Говорят, она любит охоту и верховую езду. Совсем, как я. Если же меня представят ей или кому-либо из королевской семьи, я постараюсь быть сдержанной и вежливой. Уверена, окажись Вы рядом, поддержали бы меня».

Амелия понятия не имела, как стоит закончить то письмо. За какие рамки не нужно выходить, и где вообще проходили границы дозволенного. В одну минуту ей хотелось порвать бумагу, поскольку написанное в ней пестрело жеманностью и кокетством, в другую же казалось, что это просто дружеское послание, не больше и не меньше.

Девочка с распущенными рыжими волосами сидела на краю своей постели, в свете канделябра разглядывая старые шрамы от ожога на руке, и представляла предстоящее лето, каким увлекательным и чудесным оно будет. Ни одиночества, ни тягостных мыслей, никаких забот и волнений.

***

Её Королевское Высочество принцесса Амелия София Элеонора праздновала свой сорок первый день рождения в маленьком городке Каттерлайн. Королевская родня и другая знать объясняли её странный выбор любовью к уединению и живописным пейзажам восточного побережья. Но 10 июля 1752 года в огромном поместье Феттерессо из-за несчётного количества гостей яблоку негде было упасть. Что именно привлекло принцессу в этом древнем полуразрушенном месте, не понял никто. Возможно, богатая на легенды и мифы история, вроде той, о женщине по имени Жеан Хантер, якобы занимавшейся колдовством и казнённой через повешение здесь же.

Принцесса показалась Амелии сдержанной, не слишком общительной, но милой и доброжелательной. С Джеймсом Гилли она говорила, как с равным; поблагодарила графа за подарки и отметила, что его племянница «хороша собой». Амелия же ни слова проронить не сумела, то краснея, то бледнея от волнения. И как на зло ни лорда Стерлинга, ни его сына на праздновании не оказалось, из-за чего девочка весь вечер блуждала, словно в тумане, хмурая и потерянная.

Столы ломились от угощений, музыканты ни на минуту не прекращали играть, а украшенные позолотой залы были похожи на сияющие чаши, в которых, словно разодетые пчёлы с тяжёлыми блистающими украшениями, роились

подвыпившие гости.

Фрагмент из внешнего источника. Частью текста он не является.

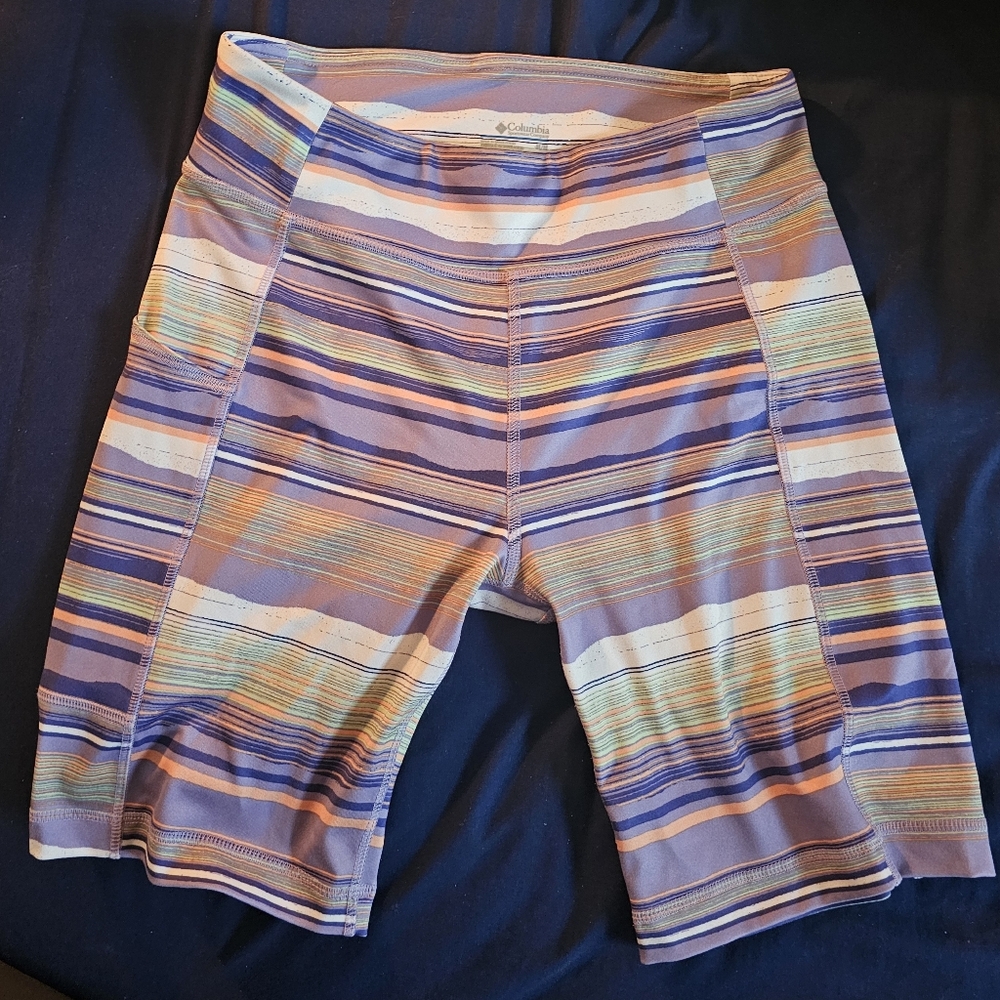 Columbia Multicolor Striped Athletic Shorts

Ближе к часу ночи Амелия едва ли не плакала от усталости, но больше от досады, что её планы так и не сбылись. Она не ощущала радости, не хотела веселиться, ей не терпелось уже избавиться от своего платья, расшитого серебряными цветами на розовой ткани. Фижмы под юбкой были неудобными, а затылок жутко чесался от колючих украшений в высокой причёске. Её раздражало даже то, как с ней здоровались незнакомцы, и какими любезными и приветливыми они казались тогда. К тому же пара бокалов игристого вина дали о себе знать, от них у неё лишь заболела голова.

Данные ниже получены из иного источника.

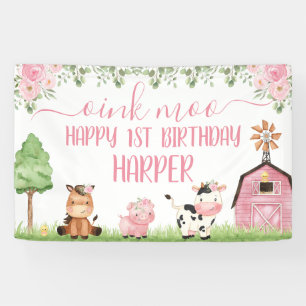 Banderoles Filles roses Grange Florale Animaux de ferme Joyeu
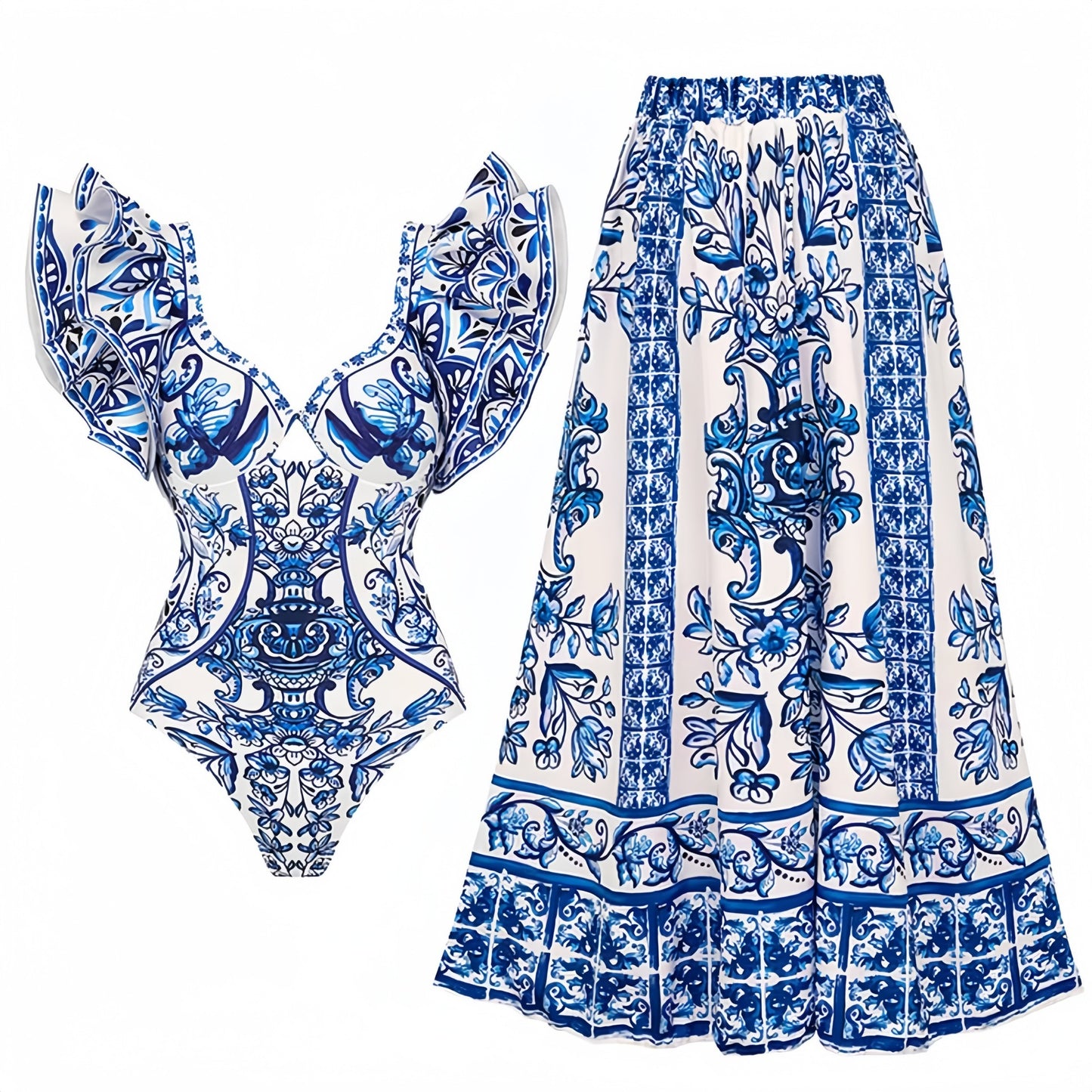 women's blue and white porcelain two-piece swimsuit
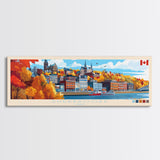 Sherbrooke, Canada Panoramic Travel Poster Canvas Print, Sherbrooke, Canada Painting, Canada Art, Sherbrooke Panoramic Travel Art, Travel Painting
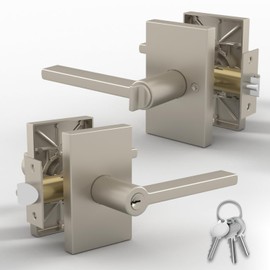 Mega Handles Entry I Lever Door Lock Handle Set for Hallway, Closet and Bathroom I Heavy Duty Design I Fits All Standard Door Sizes I Screws Included - Satin Nickel (1 Pack)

И когда она готова была потребовать от дяди немедленно уехать или хотя бы вывести её из душной комнаты, среди приглашённых сэров Амелия неожиданно увидела его. Герцог Камберлендский, собственной персоной, беседовал за одним из столиков с какими-то джентльменами. Амелия тут же ощутила внезапный прилив сил. Голова гудела после вина, а глаза щипало от сияния вокруг, но она смотрела на него, на сына короля, который семь лет назад гнал Карла Стюарта прочь из Шотландии. Это из-за герцога вырезали весь её клан, прогнали её семью прочь из Хайленд, из родных краёв. Это он отдавал приказы убивать женщин и детей, разрушать замки и сжигать якобитов заживо.

– Камберлендский мясник здесь, – прошептала Амелия одними губами, почувствовав, как задрожали её руки, и как её затрясло, словно в лихорадке.

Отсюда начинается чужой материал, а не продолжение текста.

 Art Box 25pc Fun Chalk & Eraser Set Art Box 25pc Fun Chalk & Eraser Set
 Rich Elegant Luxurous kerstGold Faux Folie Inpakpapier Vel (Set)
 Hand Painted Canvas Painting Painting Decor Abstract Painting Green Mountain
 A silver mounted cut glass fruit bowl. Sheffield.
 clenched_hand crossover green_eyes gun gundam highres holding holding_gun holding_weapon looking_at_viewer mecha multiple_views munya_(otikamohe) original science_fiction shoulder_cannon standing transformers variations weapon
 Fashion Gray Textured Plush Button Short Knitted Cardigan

Больше никого она не видела перед собой и когда стала приближаться, когда ноги понесли её всё дальше, она даже не осознавала, что именно могла сотворить. В руке странным образом оказался серебряный нож со стола для закусок. Она стащила его, пока гости отвлеклись и не заметили её. С каждым её шагом Уильям Август становился всё ближе, а стук её собственного сердца отдавался в ушах всё чётче. Но она не понимала, что делала. Перед её глазами стояла лишь одна картина: объятый огнём древний замок и истекающая кровью мама. Малыш Джон, её новорождённый братик, кричал в ту ночь, надрываясь, и его тоже не стало. По хладнокровному приказу герцога.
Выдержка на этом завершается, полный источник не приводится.